While working with database operation in the cloud,  the most challenging part was to understand the Storage/disk performance. In this post, we will discuss the IOPS and disk performance in both AWS and Azure platforms.

Before jumping into that, let us understand the size of the IO, This depends on two factors. The Allocation unit size of the disk and application requesting the IO operation. If the application IO request size is more than the size of the Allocation Unit Size (Block Size), OS split the IO request into smaller IO operations. For example, if an application requesting to open 10MB file residing in a disk with an allocation block size of 64 KB, the request will get divided into 160 requests with a size of 64KB (10 MB=10240 kb/64kb =160 IO operation). If the block size of the disk is 8 KB, this requires 1280 IO operations. To identify the Allocation Unit Size of the existing disk, run the below command from the command prompt  From the result look for Bytes Per Cluster, which is the allocation unit size of the disk. This is the value you set while formatting the drive.

C:\>fsutil fsinfo ntfsinfo D:  (Where D stands for the drive letter of your drive)

Now let us understand the concepts of IOPS and throughput.
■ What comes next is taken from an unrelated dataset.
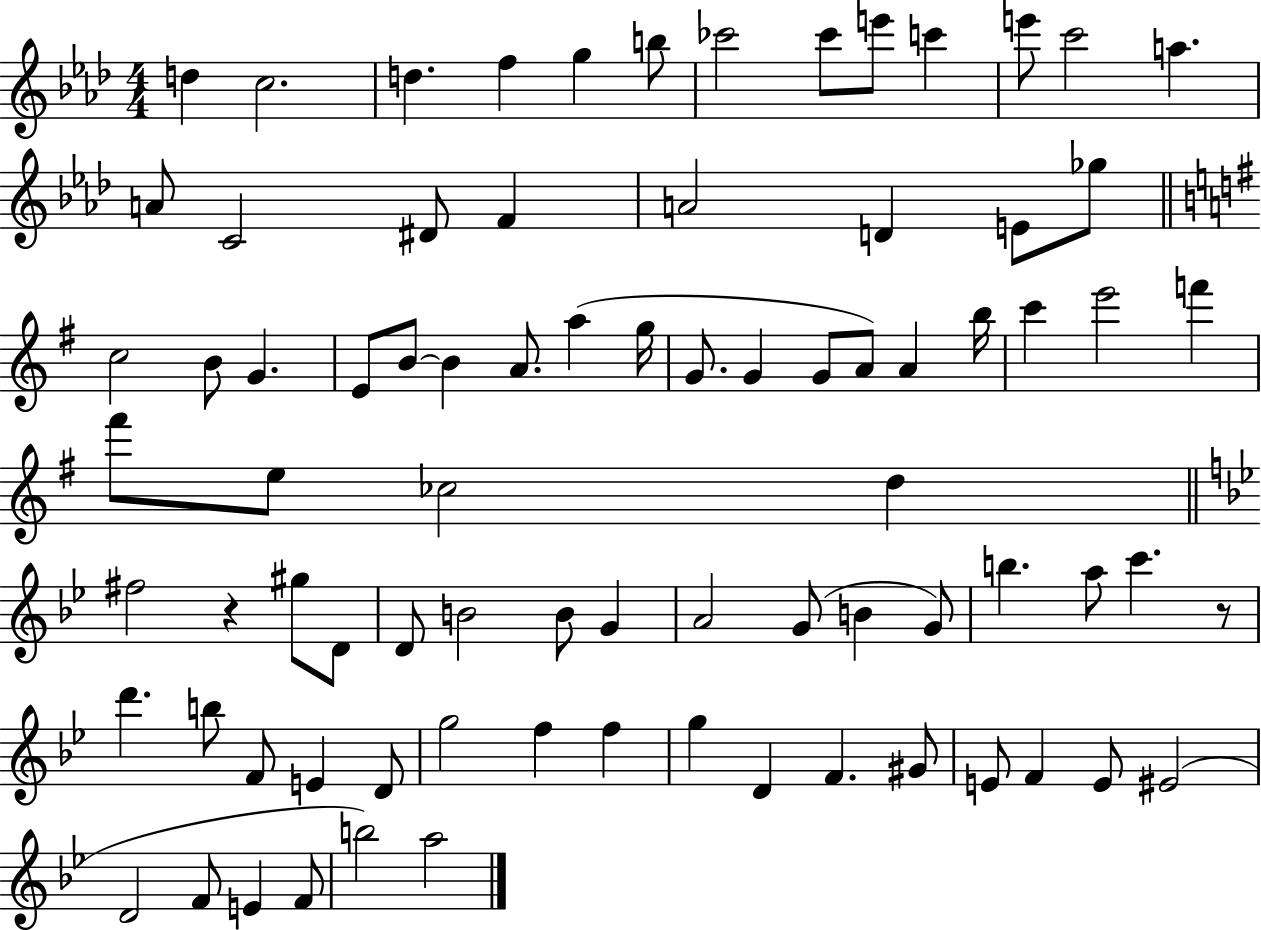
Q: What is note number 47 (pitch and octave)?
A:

Let us assume we have a disk that supports 3000 IOPS with an allocation unit size of 64KB.  The maximum throughput of the disk is 

Throughput of the disk = 3000 IOPS X 64KB (size of the IO) = 192000KB =187.5 MB . 

As the IOPS is IO per second, throughput is  187.5 MB/sec. Whether the disk can achieve this max throughput limits depends on the application requesting for the IO operation. If the application request comes with smaller than the size of the Allocation unit size, we can't make use of the max throughput of the disk. Let us take an example of the application requesting for IO operation with the size of 8KB, then max throughput will be :

Throughput of the disk = 3000 IOPS X 4KB (size of the IO Operation) = 24000KB =23.44 MB/sec 

Let us keep these three points in mind while discussing further the performance of the disks in the cloud environment. The performance of the disks is controlled by IOPS and throughput limits. These limits are there in both disk and instance (VM) level. 
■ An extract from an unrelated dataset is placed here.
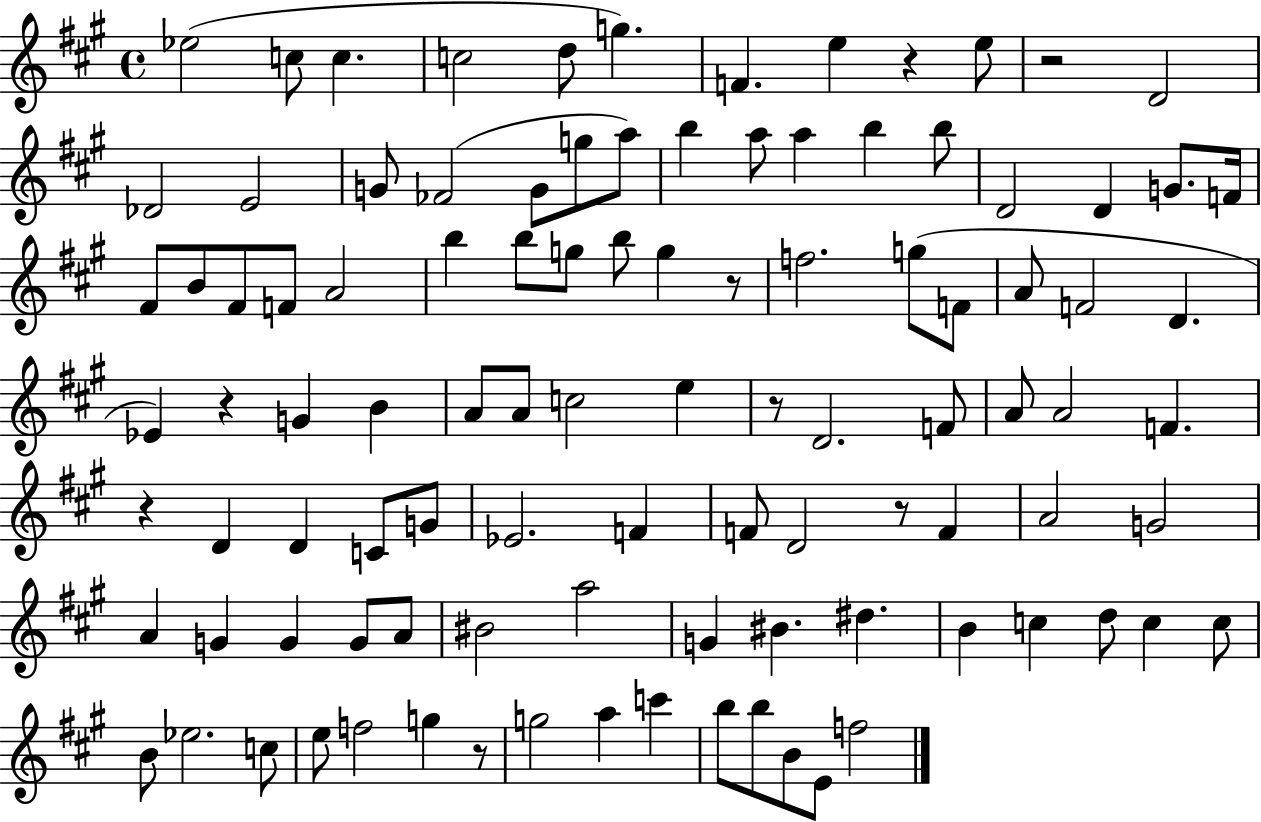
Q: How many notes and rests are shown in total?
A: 102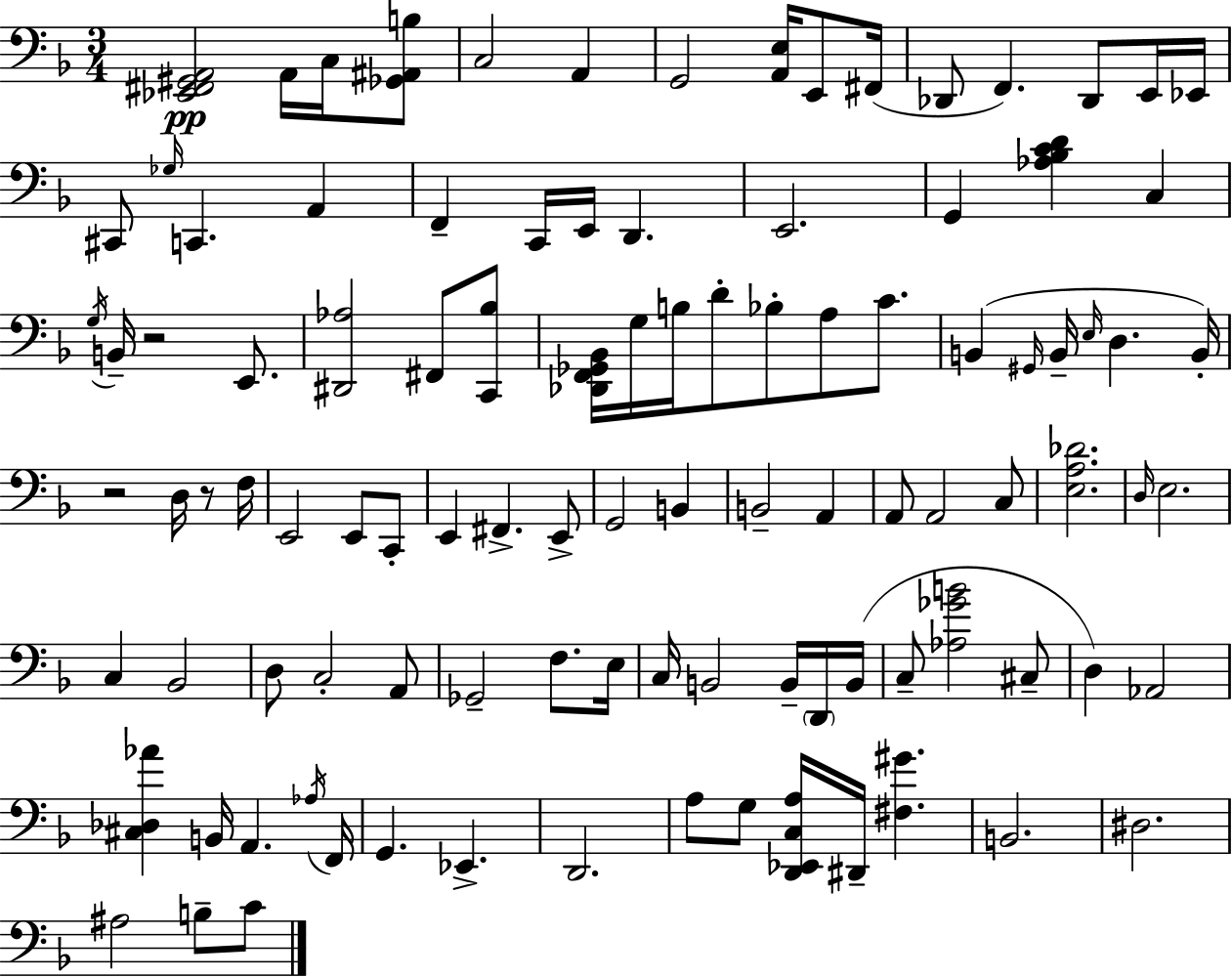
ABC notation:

Before going into more detail, let us look into the different types of disk available on both platforms.
AWS, provide two major types of disks :
  • General Purpose SSD (gp2)
  • Provisioned IOPS SSD (io1
Apart from those, AWS provides a couple of other disk types that are not relevant for our discussion. gp2 disk comes with predefined IOPS based on the size of the disk. Amazon offers 3 IOPS per GB. A single volume can have a maximum of  16000  IOPS (16 Kib IO) and 250 Mib/s throughput based on the disk size.  To make it clear both 5.333 TB  (5333 GB * 3 IOPS=~16000) and 10 TB (10240 GB*3 IOPS=30720 =16000(max limit per volume) provides 16000 IOPS and maximum throughput od 250 Mib/s . If the maximum throughput is 250 Mib/s with 16000 IOPS, what is the IO size 

IO size = 250MB=(256000 KB) / 16000 IOPS =16 KB.

That tells us that one IO operation can read /write a maximum of 16KB. It is very important to look into the size of the IO disk supports while reading the IOPS parameter of the disk. Let us take the same example of opening a 10MB file that resides on disk with the allocation unit size of 64KB. In this case, it requires a 640 IO operation. If the same files reside in a disk with the allocation unit size of 4KB, then it requires 1280 IO Operation. So the number of IO operation requires to complete one IO request is =

                                      Size of the IO request  (in KB)                                                                       
MIN(size of the IO request, size of the IO supported by the disk, Allocation unit size of the disk)

In this :
size of the IO request: decided by the application design
size of the IO supported by the disk: decided by the manufacture (provider) of the disk
Allocation unit size of the disk: decided the by the user who is configuring the disk in VM

All these three plays a vital role in the performance of the disk.

With the provisioned IOPS (io1) disk, the user can define the IOPS of the disk. The user needs to pay an extra amount for the IOPS of the ioI disk, whereas this is included in the cost of the disk for gp2 disks. Io1 disk supports a maximum of 64000(16Kib I/O) IOPS and 1000MiB/s throughput. The maximum throughput is nothing but 64000*16=1024000KB=1000MiB.

Apart from this, instance(ec2) IOPS and throughput throttling comes into the picture and plays a role in the performance of the disk. For example, 13.xlarge support maximum throughput of 106.25Mib/s and 6000 IOPS. If you attach a gp2 disk with the capacity of 5 TB to this instance, we will not able to make use of the maximum IOPS and throughput of the disk as throttling happen at the instance level. The disk can support 5TB=5120GBX3 IOPS =15360 IOPS and maximum throughput of 15360X16KB=240MiB/s but we will not get the full benefit of this due to throttling in the instance level. To get the maximum benefit of disk performance, we need to attach this disk to i3.4xlarge which supports a maximum throughput of 437.5MiB/s and 16000 IOPS.

I have tried my level best to explain the elements that affect the performance of the disks in cloud platform . Keep these points in mind while selecting the ec2 instances and disk for your workload. We will discuss further on the azure side in another blog post.